Le 15 mars 1944, j’étais à la maison à Uffel quand un gars du groupe Yann – je crois qu’il s’appelait Gaget – est arrivé pour me dire qu’il y avait un blessé répondant au pseudo de « Grand » à évacuer sur Emondeaux.
Il m’explique que le même jour vers 8h00 du matin, leur camp avait été attaqué par une colonne de GMR* et que l’un des leurs, trop avancé, avait été grièvement blessé.
Il venait donc demander des volontaires pour aller le chercher. Il me dit qu’il était passé à Chancia sans que personne ne veuille y aller.
J’ai appelé mon frère et le Marius Platre qui ont été tout de suite d’accord pour venir avec moi sans hésiter une seconde.

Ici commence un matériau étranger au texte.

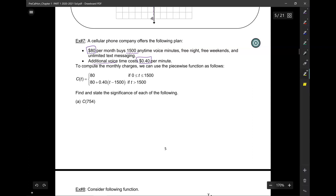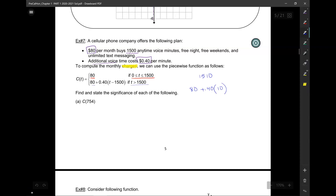So the function for the monthly charges, C of T, equals $80 if you speak from 0 to 1,500 minutes, or 80 plus 40 cents for each additional minute if you speak over 1,500 minutes. For example, if you spoke for 1,510 minutes, you pay $80 plus 40 cents for each of the 10 additional minutes — that is, T minus 1,500.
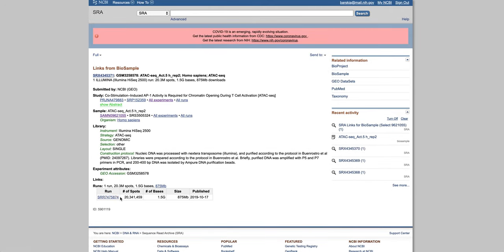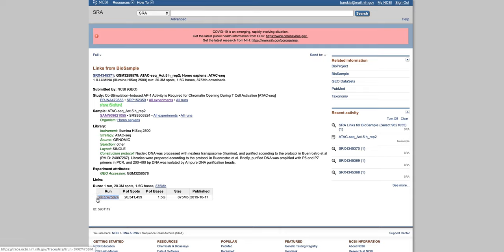And this is what we need. We need this ID number, SRR 747, and so on. And you can also see that this is ATAC-seq experiment, and layout is single.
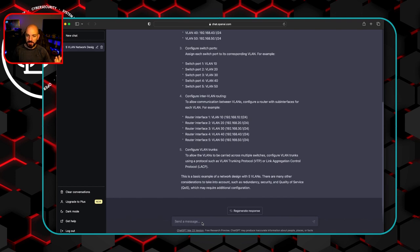And then it talks about configuring VLAN trunks. So is this good? Yeah, there's some useful information from here. Let's give it a little bit more specific information and see how it comes back with that.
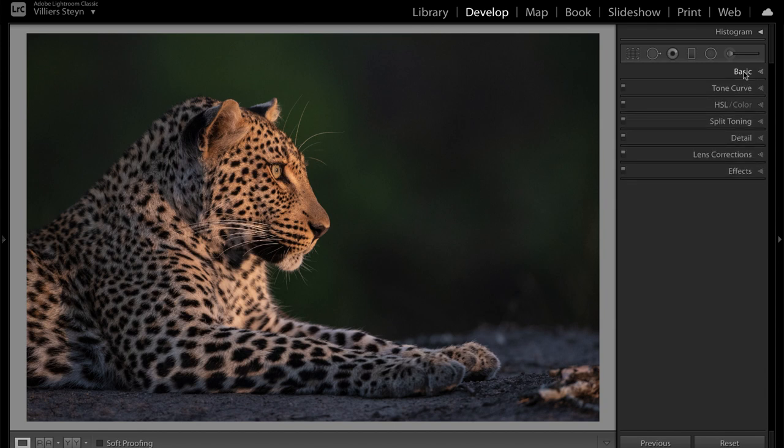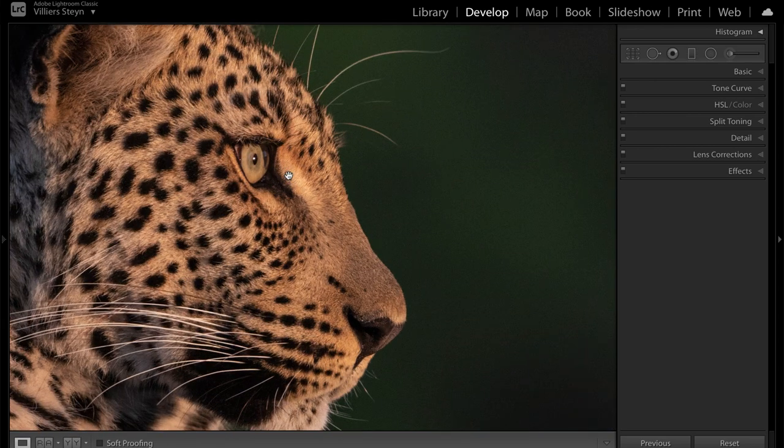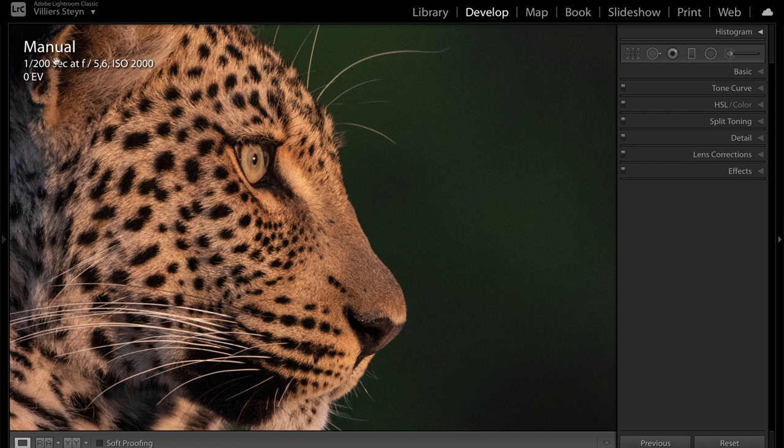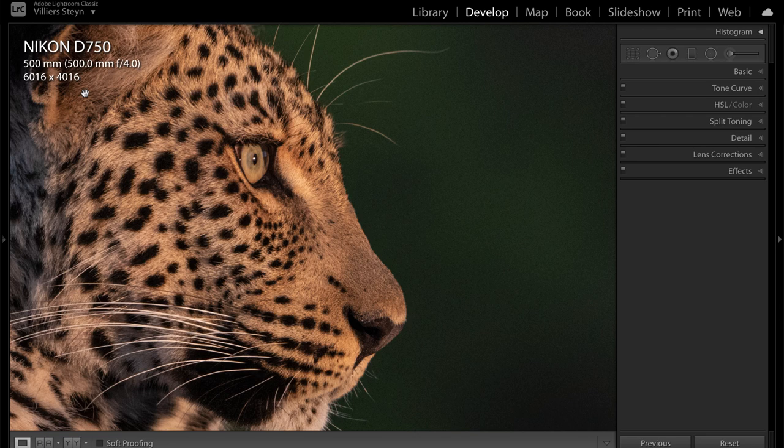If I click on it and zoom in 100%, you'll see that it's a little bit soft. We can click I to see the information and see what my settings were. As you can see, my shutter speed was a little bit slow at a 200th of a second, especially considering that I photographed it with a 500 millimeter prime, and perhaps that's the reason why it's a little bit soft.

On est parti à la tombée de la nuit pour Emondeaux avec une charrette à bras sur laquelle on avait disposé une échelle.
On a pris tout d’abord la route de Thoirette puis un raccourci qui montait par les bois. En arrivant, on a trouvé le blessé dans une grange. Il agonisait.
Il était très grand et méritait bien son surnom.
On a été obligé de le coucher sur l’échelle avant de le hisser sur la charrette. Il était conscient mais il souffrait. Il devait avoir trois ou quatre balles dans le ventre.
On l’a descendu par les bois et à chaque secousse, « Grand » geignait de douleur. On en a bavé, car la pente est rude à cet endroit-là et c’était à la fin de l’hiver.
Il faisait froid et il y avait encore un peu de neige.
On est enfin arrivé à Uffel et on a déposé le blessé chez mes parents. Il y passa une partie de la nuit.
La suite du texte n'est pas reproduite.